Implementation:Huggingface Datasets Sql Builder
| Knowledge Sources | |
|---|---|
| Domains | Data_Loading, Database |
| Last Updated | 2026-02-14 18:00 GMT |
Overview
Packaged dataset builder for loading data from SQL databases into Arrow-backed datasets provided by the HuggingFace Datasets library.
Description
Sql is a packaged dataset builder extending ArrowBasedBuilder that reads data from SQL databases using pandas.read_sql(). It is configured via SqlConfig, a dataclass extending BuilderConfig, with fields for sql (a SQL query string or SQLAlchemy Selectable), con (a database connection URI, SQLAlchemy engine/connection, or sqlite3.Connection), and standard pandas read_sql parameters: index_col, coerce_float (default True), params, parse_dates, columns, chunksize (default 10,000), and features.

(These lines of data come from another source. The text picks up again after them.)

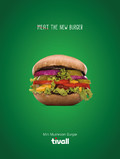 Tivall Musroom Turger: Meat the new burger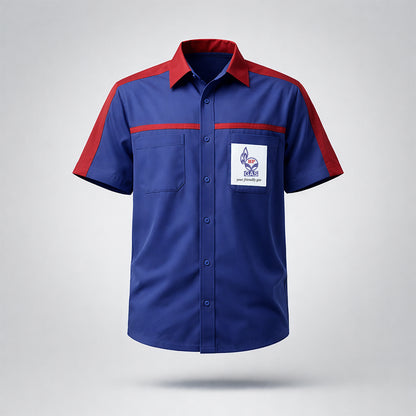 HP Gas Mechanic Uniform Shirt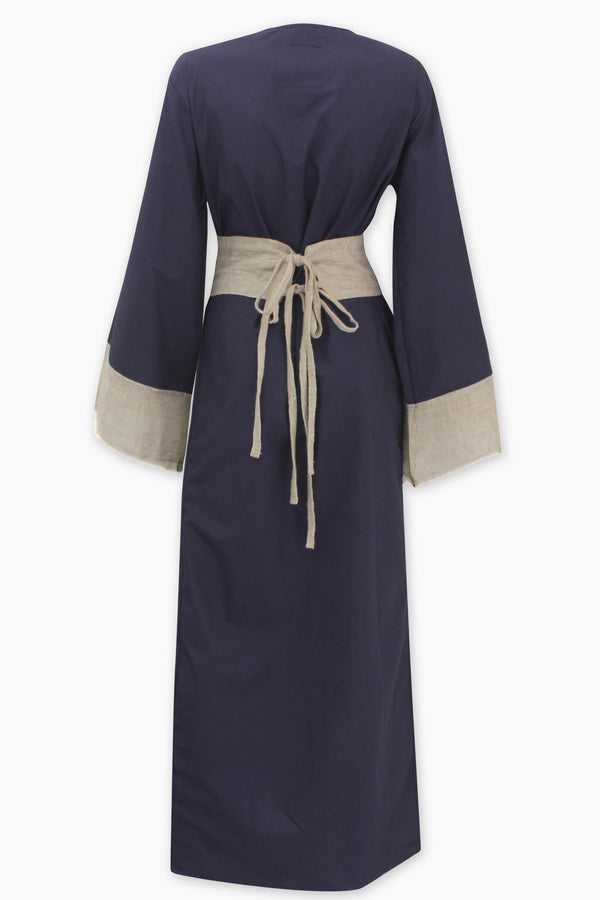 Floral Navy Kaftan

Both sql and con are required and validated in __post_init__. The create_config_id method handles deterministic hashing by stringifying SQLAlchemy Selectable objects and converting non-string connections to their object IDs. A pd_read_sql_kwargs property assembles the keyword arguments forwarded to pandas.read_sql().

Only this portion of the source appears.